Previously scheduled to open this fall, Silver Line Phase 2 will now begin operations in January 2022 at the earliest as the Metropolitan Washington Airport Authority works to resolve ongoing construction issues. MWAA said in March that it will be ready to hand over the project to Metro by Labor Day.
“We are preparing to welcome back customers as part of a return to normalcy, and welcome new customers who have long awaited the convenience of the Silver Line and new stations serving their communities and workplaces,” Metro General Manager and CEO Paul J. Wiedefeld said. “I am especially looking forward to beginning rail service to Dulles Airport as people resume travel to and from the nation’s capital as one of the great destinations in this country.”

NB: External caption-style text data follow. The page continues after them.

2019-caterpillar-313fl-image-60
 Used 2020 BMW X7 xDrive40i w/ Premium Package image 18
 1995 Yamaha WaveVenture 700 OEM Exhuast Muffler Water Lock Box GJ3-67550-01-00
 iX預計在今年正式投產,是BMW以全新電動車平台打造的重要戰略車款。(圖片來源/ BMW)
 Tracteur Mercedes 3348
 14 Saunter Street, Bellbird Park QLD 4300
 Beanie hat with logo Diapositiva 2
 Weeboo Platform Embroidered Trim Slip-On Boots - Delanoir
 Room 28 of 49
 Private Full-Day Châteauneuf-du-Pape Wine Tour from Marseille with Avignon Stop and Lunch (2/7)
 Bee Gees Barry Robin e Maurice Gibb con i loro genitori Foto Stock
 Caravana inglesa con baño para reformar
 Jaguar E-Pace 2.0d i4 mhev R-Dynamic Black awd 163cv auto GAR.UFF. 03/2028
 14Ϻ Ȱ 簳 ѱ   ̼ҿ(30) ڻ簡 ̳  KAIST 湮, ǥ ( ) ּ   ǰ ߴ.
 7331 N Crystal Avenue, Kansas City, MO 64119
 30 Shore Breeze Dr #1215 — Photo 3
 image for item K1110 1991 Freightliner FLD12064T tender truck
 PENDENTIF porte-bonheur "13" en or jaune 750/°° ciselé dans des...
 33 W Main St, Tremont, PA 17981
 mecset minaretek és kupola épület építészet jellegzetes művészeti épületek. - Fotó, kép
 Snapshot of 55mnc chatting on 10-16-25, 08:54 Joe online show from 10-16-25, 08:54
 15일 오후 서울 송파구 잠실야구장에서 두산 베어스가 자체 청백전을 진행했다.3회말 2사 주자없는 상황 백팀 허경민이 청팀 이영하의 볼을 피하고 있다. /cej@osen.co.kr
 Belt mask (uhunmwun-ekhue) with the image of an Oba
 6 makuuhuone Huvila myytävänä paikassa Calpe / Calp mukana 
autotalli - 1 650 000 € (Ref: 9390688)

Metro’s proposed FY 2022 budget also includes the transfer of five bus routes to Fairfax Connector, which will assume operations of the routes in July in conjunction with a host of other service changes concentrated around Tysons, McLean, and Falls Church.
WMATA says it received more than 22,400 responses during the public comment period on the FY 2022 budget, which lasted from Feb. 20 to March 16. That is the most comments the transit agency has gotten on a budget proposal in the past 10 years.
WMATA’s board of directors is scheduled to give final approval to the proposed FY 2022 budget on April 22. The fiscal year will begin on July 1 and last until June 30, 2022.